Not sure what that means for you.


----------



## Gary in WA (Mar 11, 2009)

--------Welcome to the forums!----------------------------

Could you describe the above-grade wall make-up of materials, please.

Gary


----------



## Jalopy (Jan 25, 2017)

The house is 8 years old. The areas that are above grade were studded by the builder and filled with white R20 insulation and a poly vapour barrier over them. Below that area, I have cement wall covered with builder's R12 pink wall wrap (picture attached). 

In regard to using roofing XPS in a basement application, I decided to write Owens Corning and they replied the following:

_Both the Foamular roofing rigid foam and the Foamular C300 are closed cell extruded polystyrene insulation. Both would be acceptable to use as insulation in the basement against a concrete wall as they have the same R-Value, R-5 per inch. The only difference that you are looking at performance wise would be the compressive strength of the product. We would recommend checking your local building codes._


----------



## Gary in WA (Mar 11, 2009)

Local code rules...
a good read; ftp://ftp.cmhc-schl.gc.ca/chic-ccdh...ngual/Vapour_Permeance_Volume_1_Web_sept5.pdf

Questions later..

Gary


----------



## Jalopy (Jan 25, 2017)

Thanks for the link. It was a very interesting read, but it was not my local code rules. It was actually a study that was done to determine the effectiveness of poly vapour barriers in above and below ground applications in Ontario and more generally in Canada. 

It certainly was applicable to my situation as my walk-out basement has both above and below grade portions. The study suggested that ABOVE-GRADE in WINTER, poly works well and XPS works excellently, but in SUMMER the use of poly is problematic.

Interestingly, BELOW GRADE, the study found: _that interior vapour control at the lower portion of the basement wall is unnecessary or inhibits drying. These locations experience temperatures that are similar to geographic locations that require no vapour control layer. The monitored data shows that an interior impermeable layer at this location reduces drying and results in longer periods of elevated humidity at the concrete-insulation interface. _

While this seems to suggest that using 1.5-2" of XPS against the below grade concrete would actually be a bad idea, the study goes on to say: 
_The wall with extruded polystyrene (XPS) showed excellent performance, due to its combination of vapour resistance and insulating value.

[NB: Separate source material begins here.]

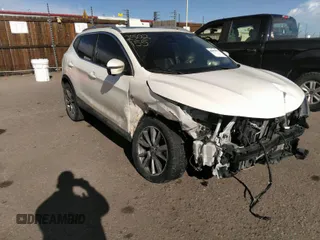 2017 Nissan Rogue Sport SL with VIN JN1BJ1CR4HW122863, listed as a IAAI auction lot 41673471 with 64,481 mi miles. Bid and sale history available at carsss.com. Image 1.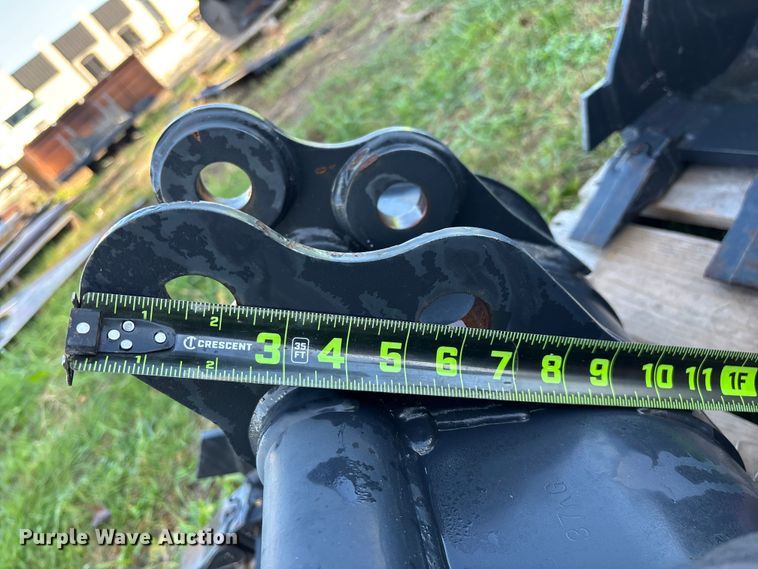 image for item EN5781 (3) excavator buckets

However, high humidity was measured on the exterior side of the XPS, and the wall was never taken apart to confirm the actual condition. The presence of high humidity in this location should not present any risks if it is not connected to the interior environment. _

So it's all very confusing for my basement planning. For the above-grade section, XPS (in the pre-existing stud bays I suppose) or a poly vapour barrier seems to be the way to go (but only in the winter, not in the summertime!). And for the below grade concrete wall, the best bet is to leave the concrete alone altogether. The ideal solution seems to be to use a poly barrier for the above-grade but not for the below-grade, but I'm not sure how you would keep the two sections separate. All very confusing since the general trend in Ontario seems to be to use XPS on the concrete below-grade, and don't worry so much about the above-grade sections.


----------



## Gary in WA (Mar 11, 2009)

Yes. And there are those who use some P- 6 "smart vapor retarder"; https://www.google.com/url?sa=t&rct...sg=AFQjCNFihWruFRtcUxT69Jt2X7jykMDFpA&cad=rja

But, I have a test done with that that was wetter than an bare stud wall, no vb, just insulation, need to find it for you...

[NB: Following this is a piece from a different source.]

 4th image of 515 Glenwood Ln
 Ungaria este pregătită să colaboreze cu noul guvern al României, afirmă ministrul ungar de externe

Why did they ever leave ('95) just adding builders paper on both sides of fibrous insulation and forget all the $$$ for testing and $$ foam board; https://www.cmhc-schl.gc.ca/publications/en/rh-pr/tech/95-207.pdf

Since it is no longer allowed in basement walls, seem to me someone could bond a paper facing to both sides like asphalt coated paper faced insulation; 
"Warning"---- below 6.2.3; http://www.nrcan.gc.ca/energy/effic...keeping-the-heat-in/basement-insulation/15639

Gary


----------



## Jalopy (Jan 25, 2017)

I was actually researching Doug Tarry's use of that Certainteed Membrain "smart" barrier yesterday.... (now that I've bought a bunch of XPS foamboard).

My plan now is to affix the 2" XPS to the cement portions of the wall (following instructions I've read in your other posts), and then place XPS fitted into the above-grade stud bays and rim joists, sealed in with canned spray foam. Then frame against the foamboard and use batt insulation between the new stud wall to get to my required R20. 

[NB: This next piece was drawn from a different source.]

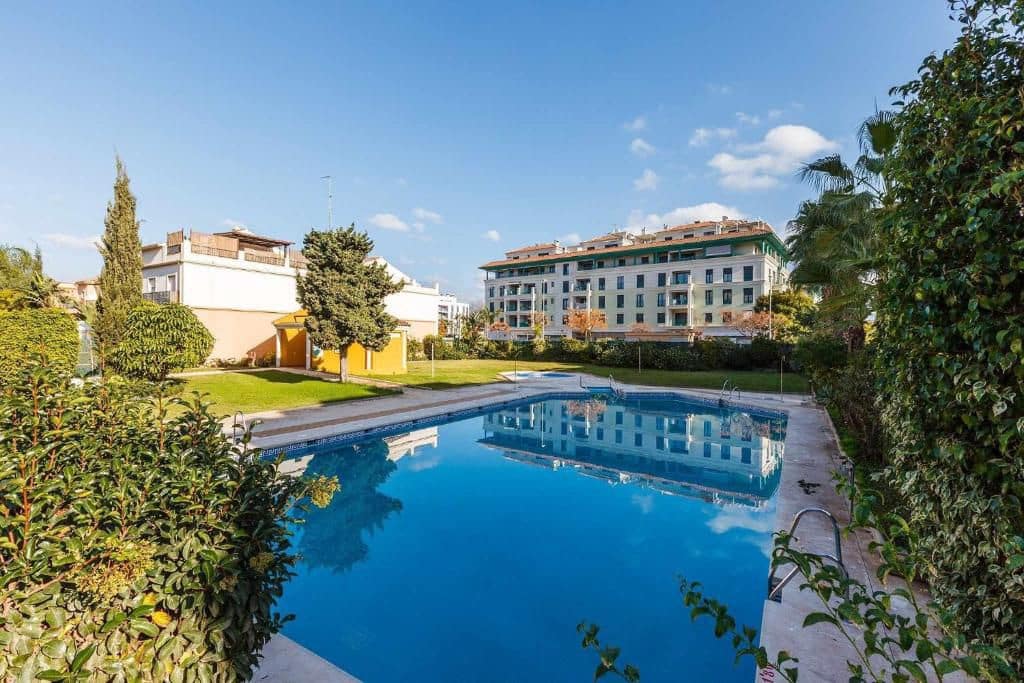 2 bedroom Penthouse for sale in Torre del Mar with pool garage - € 375,000 (Ref: 9838486)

I'm still not sure if I then need to use a poly vapour barrier between the inside of the framing and the drywall -- or if poly there, in conjunction with my use of XPS, creates the dreaded "double vapour barrier." I will be asking my local building department this question to figure out what exactly the inspector wants to see there.


----------



## Gary in WA (Mar 11, 2009)

No poly sheeting at all; http://www.buildingfoundation.umn.edu/OCBasementSystem/ProjectReview.htm

Also; https://buildingscience.com/documen...rm=interior%20coating%20on%20basement%20walls


----------



## Gary in WA (Mar 11, 2009)

Your Code allows foam board that meets both "Interior damp-proofing" and "Vapor diffusion Control" with interior insulation systems; http://www.nrc-cnrc.gc.ca/ctu-sc/ctu_sc_n70

Notice also under "Air leakage control" that drywall, with ADA finish, meets "sheet/panel and gaskets/sealants" for the air barrier. ADA; http://www.buildingscience.com/documents/information-sheets/air-barriers-airtight-drywall-approach/

Gary


----------



## Jalopy (Jan 25, 2017)

Thanks again for the great links. I am convinced after all this research that I don't _want_ to use a vapour barrier in conjunction with the 2" of rigid foam. However, I called my building inspector and they _do_ want to see poly on the warm side of the wall regardless as it is code in Ontario. Based on some other posts I've read in this forum, I'm not the only one who has run into this.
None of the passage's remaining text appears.